Overall, I think the message of the play was strong and I certainly felt compelled by it at times—at others I felt it was redundant and, as others have remarked, preachy.  But I felt that Gibbons did a good job of keeping the tension up by the use of the modern-American- political-drama shtick—you know, the one that plays out daily in newspapers…the one of rhetorical blaming and finger pointing and posturing for news papers and inciting mobs to do this thing or throw that thing or misbehave one way or another for the performance art of it all.  It hit every racial theme and every hot button racial issue—like reparation, interracial lovin’, mulattos and mixed blood, cultural and linguistic signifying, double-talk, righteous revenge, white guilt, etc. 

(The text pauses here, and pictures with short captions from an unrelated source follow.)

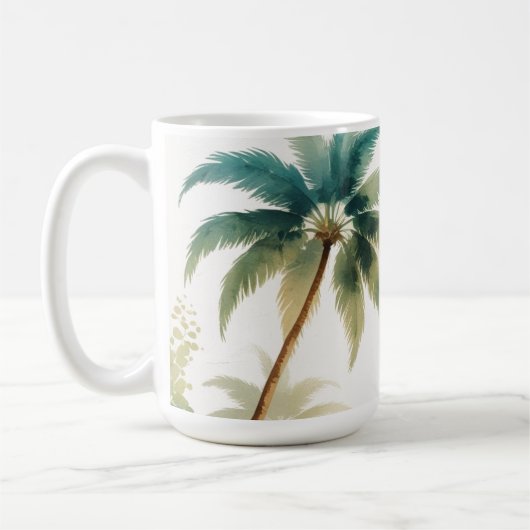 stijl Hawaiian Travel Honolulu Koffiemok (Links)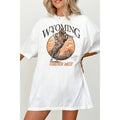 Wyoming- Oversized Unisex T Shirt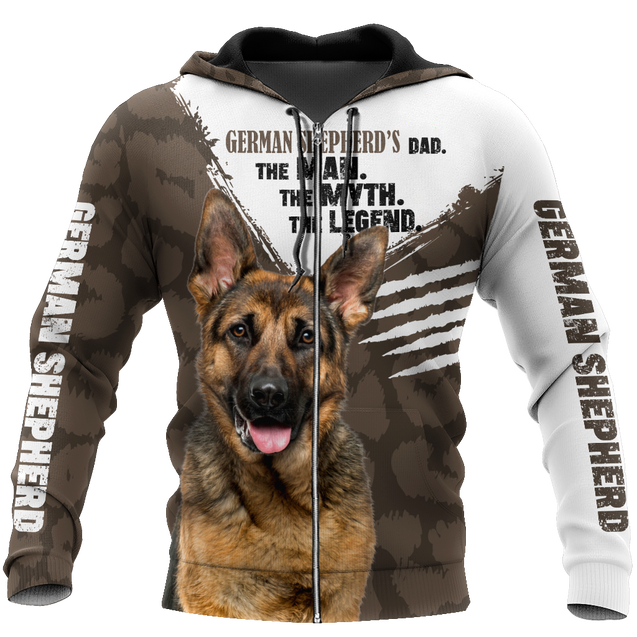 German shepherd 3d hoodie shirt for men and women HAC180804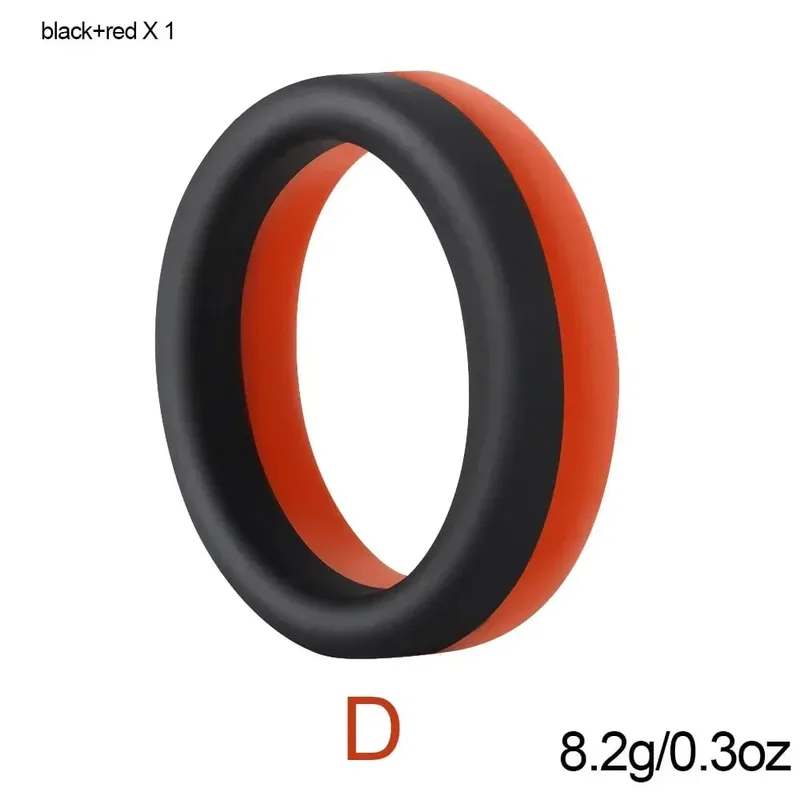 1/3 Pcs Men Penis Ring Silicone Cock Rings Male Lock Ejaculation Scrotal Ball Stretcher Anillo Hombre Cockring Sex Toys For Men — image 10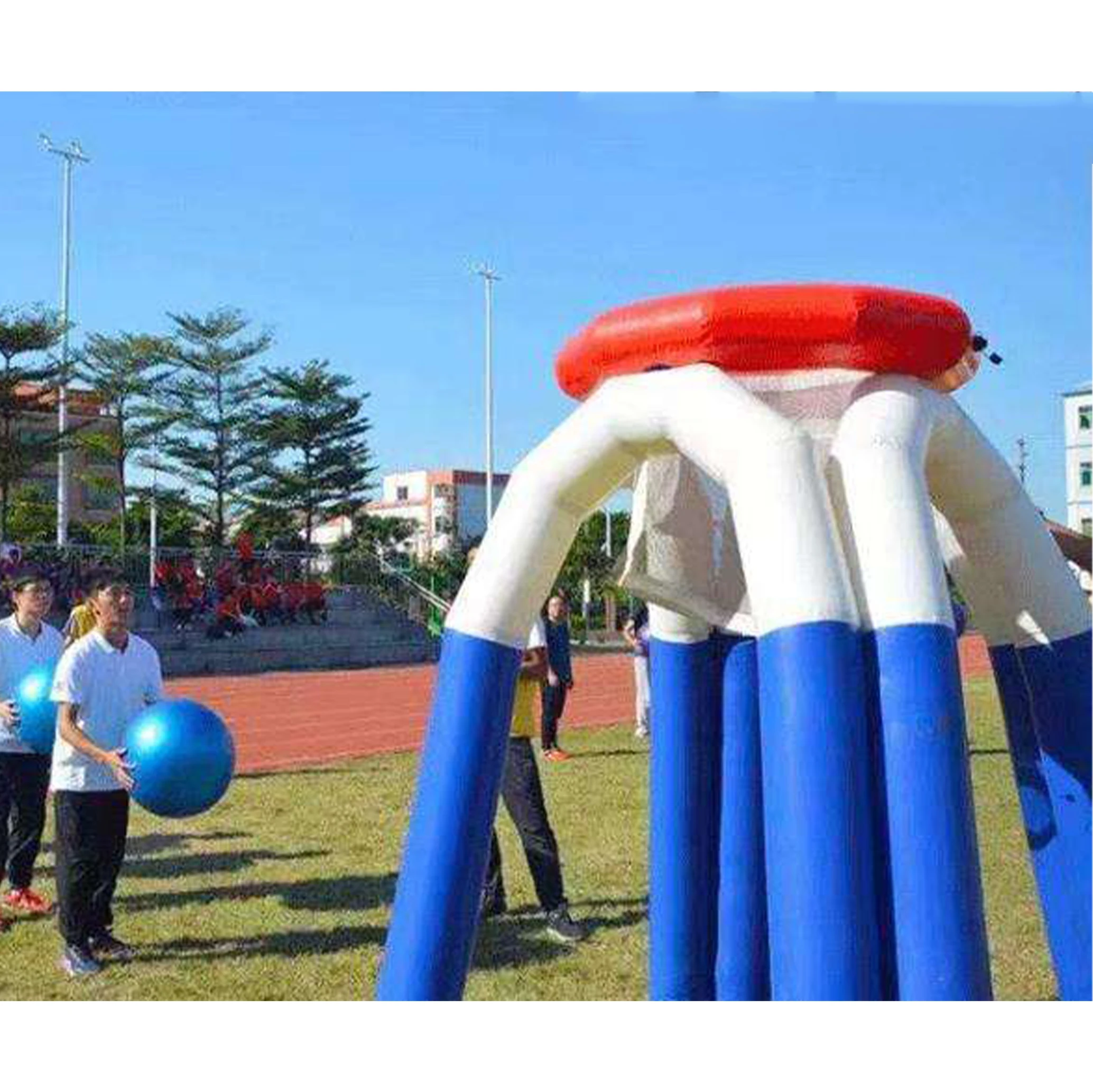 Inflatable Basketball Hoop Giant Throwing Game PVC Model Fun Sports Game Popular Garden Party
Inflatable Basketball Hoop Giant Throwing Game PVC Model Fun Sports Game Popular Garden Party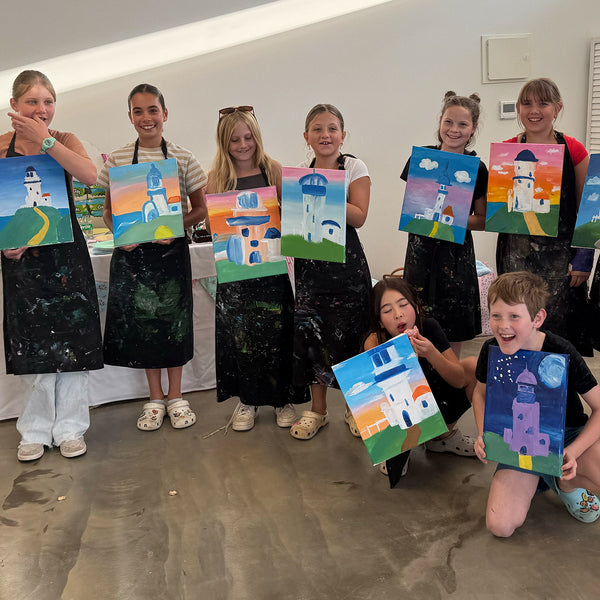 🎨 Creative Studio Party (In-Studio per child)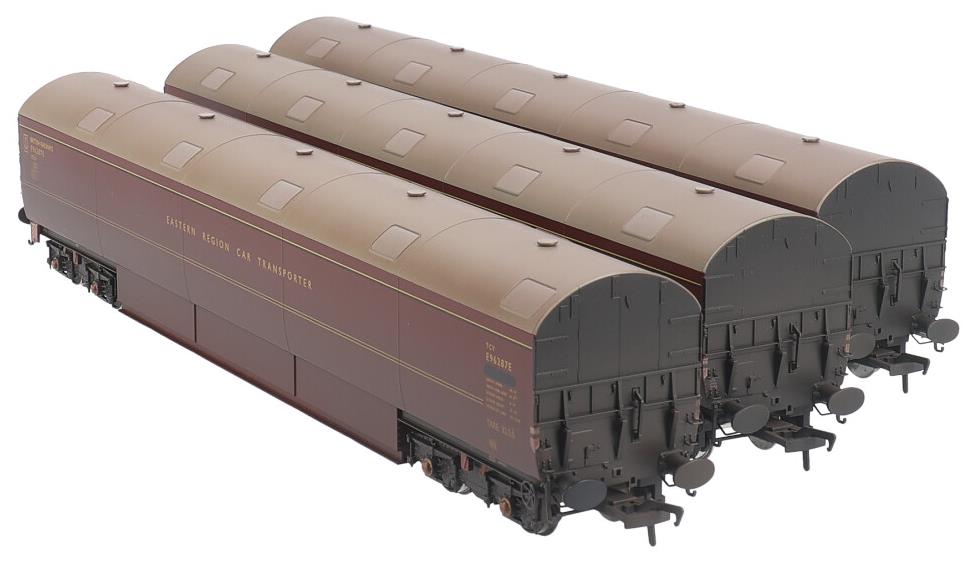 Newton Chambers - BR Maroon - E96287/91/94 - OO Scale - Triple Pack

But most of all, I think Gibbons did a great job mixing it up.  I LEARNED from watching this play, and that is what strikes me the most.  This play wasn’t simply a dull exercise in ratcheting tension and getting people to yell in self-righteous fury; Gibbons used the space of the theater and the power of theater to create visual images: the most striking of which comes right at intermission, when Lane and Judge come face-to-face with one another—holding out, every so lightly, a hand toward one another—over the distance of 200+ years.  Their symbolic meaning, to the play, being that both are black women being “used” as political tools: Lane as a “token” Republican and Judge as a “token” run-away slave.  The house with no walls is a powerful symbol as well—as one would expect.  The demarcation on the ground of where the slave quarters stood, as well as Gibbons notion that the walls that once did exist were philosophically non-existent, as any white person could violate the privacy of the slaves’ “house” at any time.  I haven’t thought long and hard on the overall meaning of the play and what that image means for both of the women in the play—perhaps that their boundaries are constantly threatened, uncertain, and justify their tough exteriors.  I would move into a Bakhtinian analysis of the temporal dialog going on in this play between “the present” and “the past” but I won’t bore you with my lame attempt. 

(Although, I did write a very nice article on the subject with regard to Leslie Marmon Silko’s Ceremony, which I’ll post here just for the hell of it sometime.  On a gossipy aside, I met her when I was at Ohio University, where they have a very nice literary festival; and there are great rumors out there about a feud with Louise Erdrich.)

Regardless, Gibbon’s play draws very rich parallels between the two characters in time and has given me good structural possibilities for my play The Empiric, and ways that I can mix it up with the original idea that got me writing plays.  I like, as well, his playfulness with the characters in historical re-enactments then doubling into the characters from 200+ years earlier.  Very novel.  The use of the house with no walls as a boundary on the ground over which / through which the “past” slave characters do not step—until a dramatic moment late in the play—is equally compelling and theatrical.  The off-stage sound cues supplement the action on the stage in effective ways as well: the shouting of crowds, the droning beep of construction equipment and the loud diesel engines on a site.

I enjoyed the performance very much, found it thought provoking (when it wasn’t droning on) and visually / theatrically interesting, too.

On another note, I just thought I’d give a shout out to Terrence Spivey and Karamu for getting some well-deserved recognition in this month’s American Theatre magazine, pages 42-45. Very nice!